When the line with "The Reading Lesson Oil Painting by John Burr" appears below, start repeating lines exactly, and keep going through the line with "Seraphic Skincare Premium"; add nothing outside that span.

Source information:
>>>>>
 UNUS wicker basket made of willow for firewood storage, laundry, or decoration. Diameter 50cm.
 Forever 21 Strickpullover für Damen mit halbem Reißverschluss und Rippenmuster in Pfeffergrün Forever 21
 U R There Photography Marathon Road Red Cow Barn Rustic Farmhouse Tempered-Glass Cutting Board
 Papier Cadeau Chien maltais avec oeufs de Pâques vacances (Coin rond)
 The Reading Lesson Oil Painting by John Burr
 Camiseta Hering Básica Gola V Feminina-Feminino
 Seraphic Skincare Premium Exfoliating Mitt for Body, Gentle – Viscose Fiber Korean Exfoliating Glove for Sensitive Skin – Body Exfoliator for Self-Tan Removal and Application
<<<<<
>>>>>
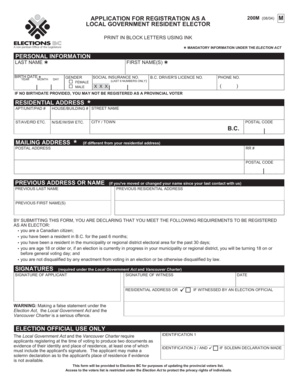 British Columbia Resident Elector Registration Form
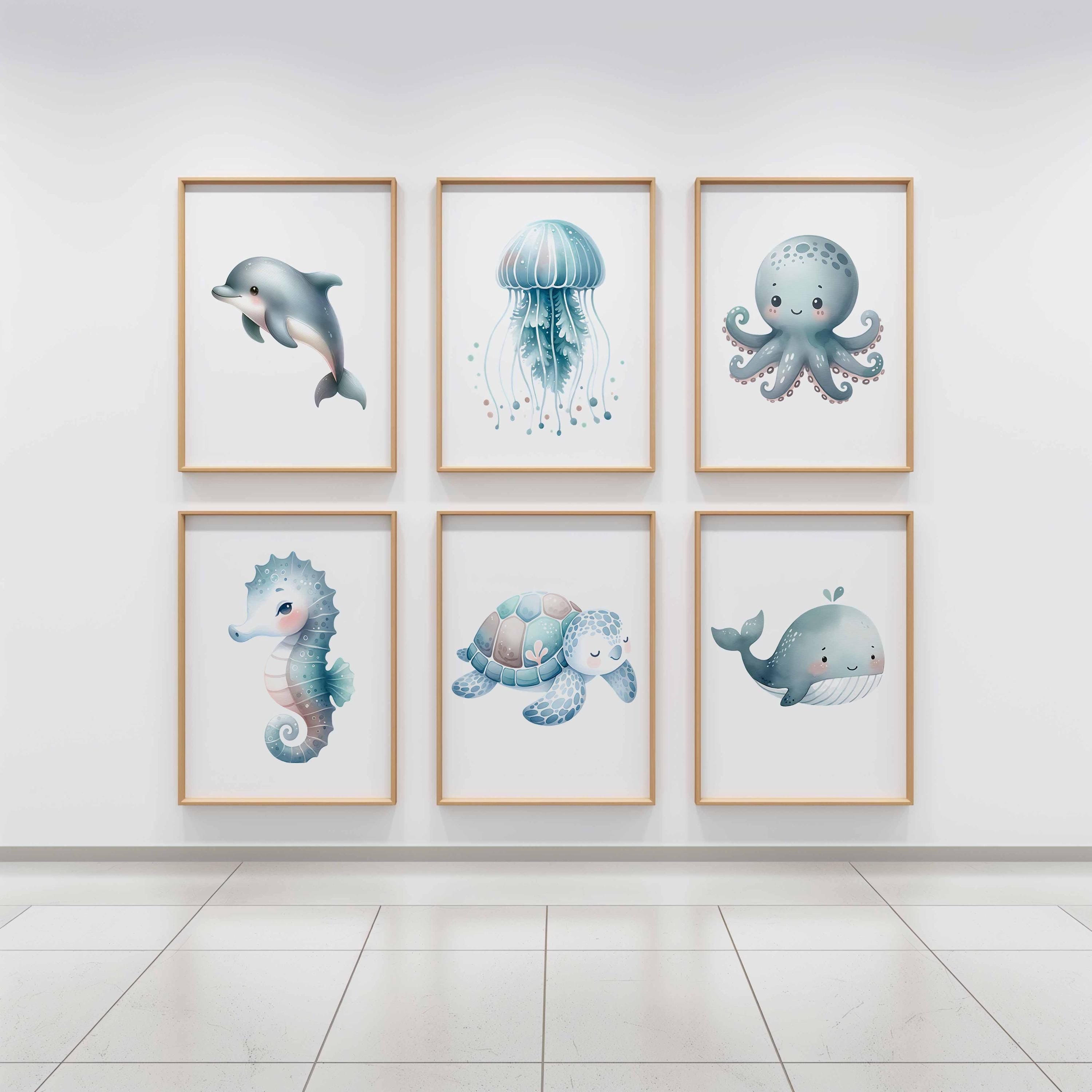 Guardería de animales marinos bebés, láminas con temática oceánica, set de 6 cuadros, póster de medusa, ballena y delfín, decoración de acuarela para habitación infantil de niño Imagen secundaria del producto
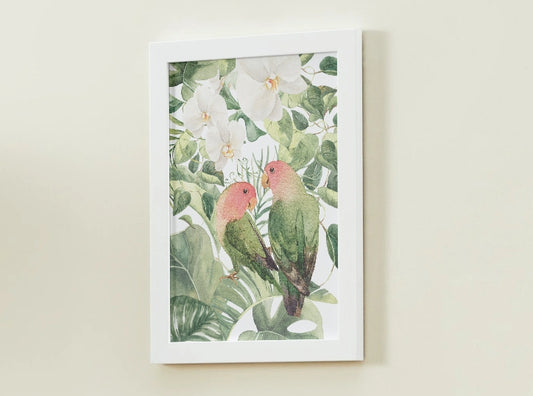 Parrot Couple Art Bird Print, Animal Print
<<<<<
>>>>>
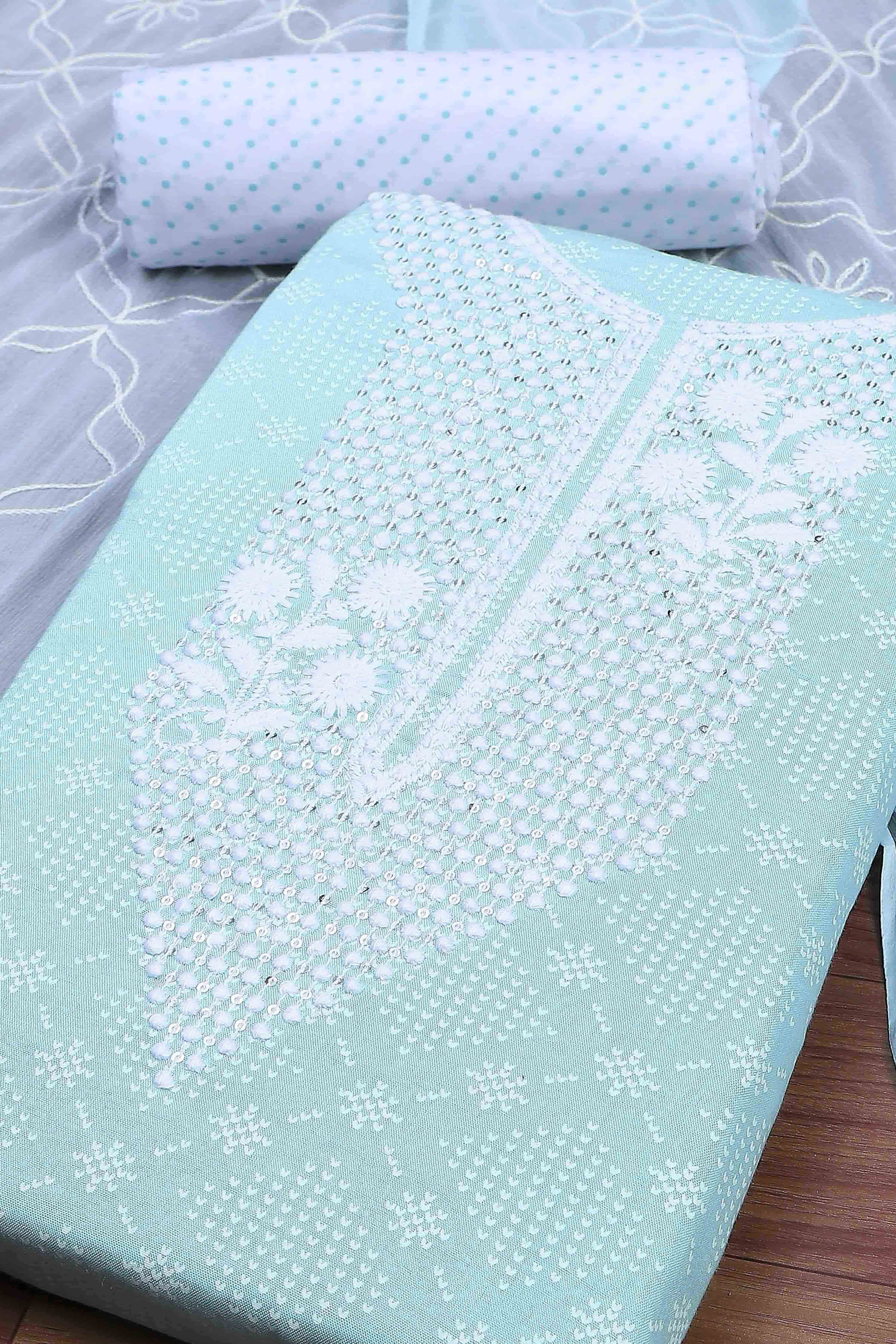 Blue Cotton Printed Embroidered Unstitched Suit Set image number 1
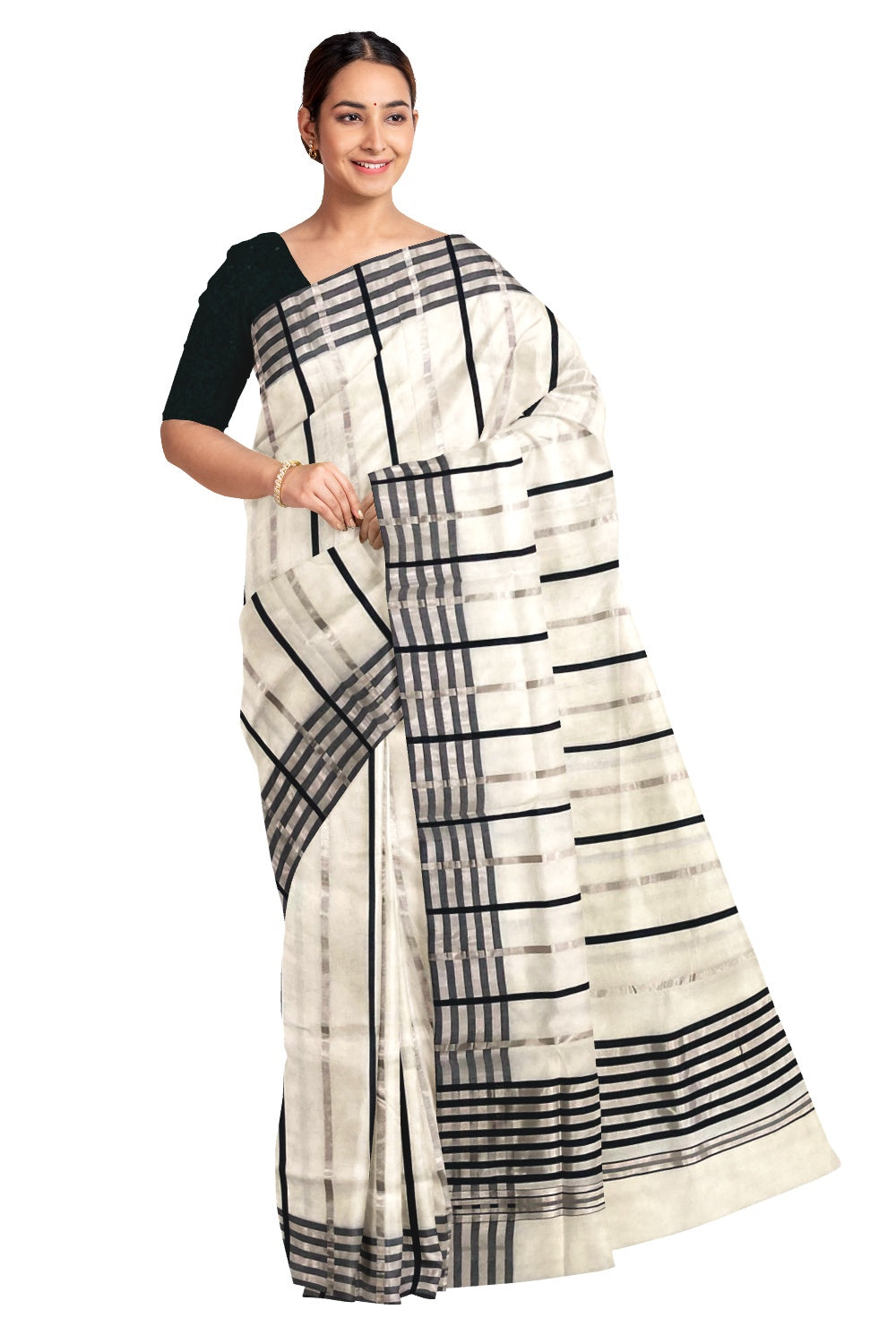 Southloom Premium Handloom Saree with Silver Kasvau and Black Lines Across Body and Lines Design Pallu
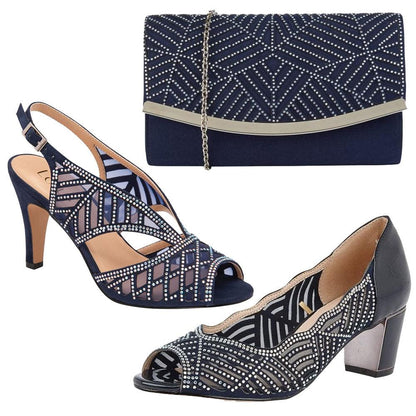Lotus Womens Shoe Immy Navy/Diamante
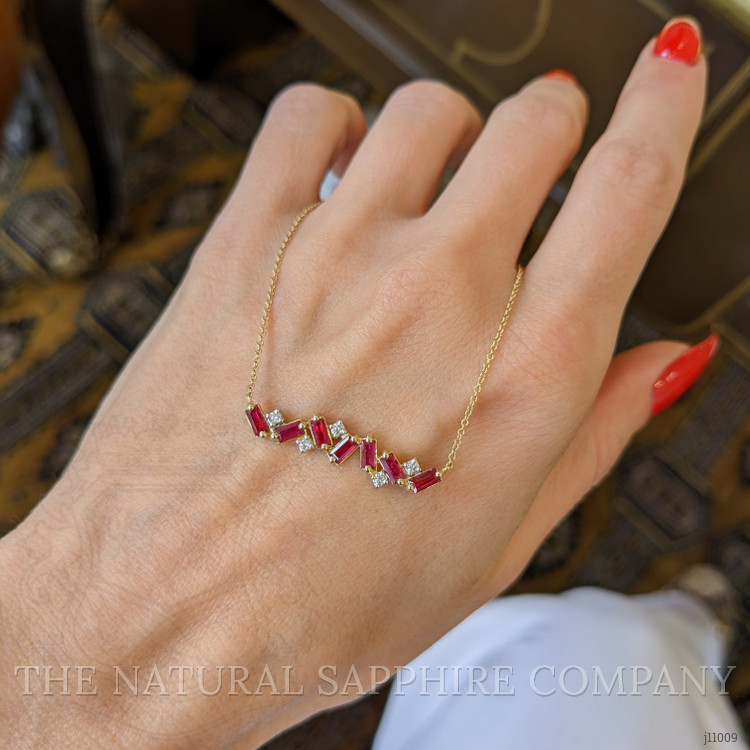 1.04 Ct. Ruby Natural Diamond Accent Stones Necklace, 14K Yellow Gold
<<<<<
Completed task:
 The Reading Lesson Oil Painting by John Burr
 Camiseta Hering Básica Gola V Feminina-Feminino
 Seraphic Skincare Premium Exfoliating Mitt for Body, Gentle – Viscose Fiber Korean Exfoliating Glove for Sensitive Skin – Body Exfoliator for Self-Tan Removal and Application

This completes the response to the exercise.